Sunday, January 2, 2011

Feelin' Pork Love on Thanksgiving

Sitting on my bed on Thanksgiving, opting out of the “traditional” dinner at a local church, to savor reading about the clinical pharmacology of sedative and hypnotic drugs while listening to “Blue Bonnet” (sang by an Austin, Texas folk singer Raina Rose introduced to me by one of my bad-ass cohorts named Heather that keeps me smiling, laughing, and on my toes).  Not the most traditional Thanksgiving, but I am feeling thankful for these two burritos made by my Belizian friends that I slammed, that were doused in enough gifted-Tapatio to give me an ulcer and will make me regret drinking it like soup, tomorrow.  I am now in that state of I ate so much that I am going to pass out that you must all be feeling after eating all that turkey.  Me…feeling grateful for the feeling of being full.  Seriously, last week I made myself laugh to the point of tears when one of my cohorts asked me: “Sarah…why do we do this to ourselves???”--referring to our state of hunger after being served bean water with bean skin and hairy pork fat for the second day in a row).  My response…” So that we can throw our hairy pork fat at the puma-like cats with the giant balls in the cafeteria.”  I guess if you don’t laugh about this, then you just don’t understand.  I wish you could spend one day in my life here.  I find myself looking for the humor in it all.  Perhaps it is my coping mechanism of being in extremely stressful circumstances, and somehow making it through it all and coming out stronger and stronger every day.  For example, a month ago a hurricane hit the island and my bed was in a pond of water, all of my sheets, books, soaked from the rain that pounded in through the windows.  No electricity, but lots of water and tremendous wind (weather this Cali girl is definitely not used to).  I studied for my mid-term with my flashlight and still managed to get a 5.  To tell you the truth I just wanted to curl up in my wet bed and cry and give up—to fall asleep and hoping that it all goes away.  But, I somehow keep going.  Not sure how I continue to keep doing it.  Just when I think I am at a breaking-point, I cheer myself on by telling myself that if I make it through this day then…..

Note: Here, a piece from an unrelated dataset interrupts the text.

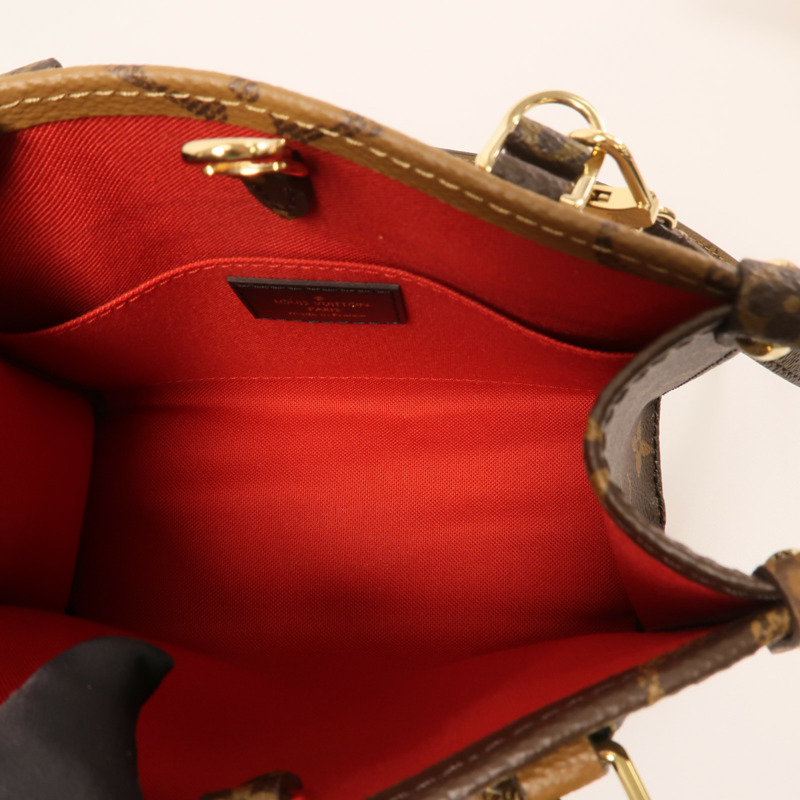 LOUIS VUITTON Monogram On The Go BB金扣手挽肩背兩用袋-4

 Oh yes…I am on the volleyball team here, training with 18-20 year olds, noticing the changes in my now 31-year old body. Dang… it doesn’t recuperate like it used to.  My running muscles are so different than my volleyball muscles.  Ouch!
I do have to brag about the weather!!  Hahahaha….neener, neener, neener.  You are all cold, and I am toasty without a sweat mustache at the end of November!!!!  The weather and my being here with my nerdy buddy Heather give me something to be very thankful for on this Thanksgiving.
Oh wait…I feel very thankful for (but very offended at first) having a baby pig named after me.  Yes…her name is Sarita.  Too bad her 6-month destiny will be to be that hairy pork fat that I now call “pork love” which is served in the cafeteria.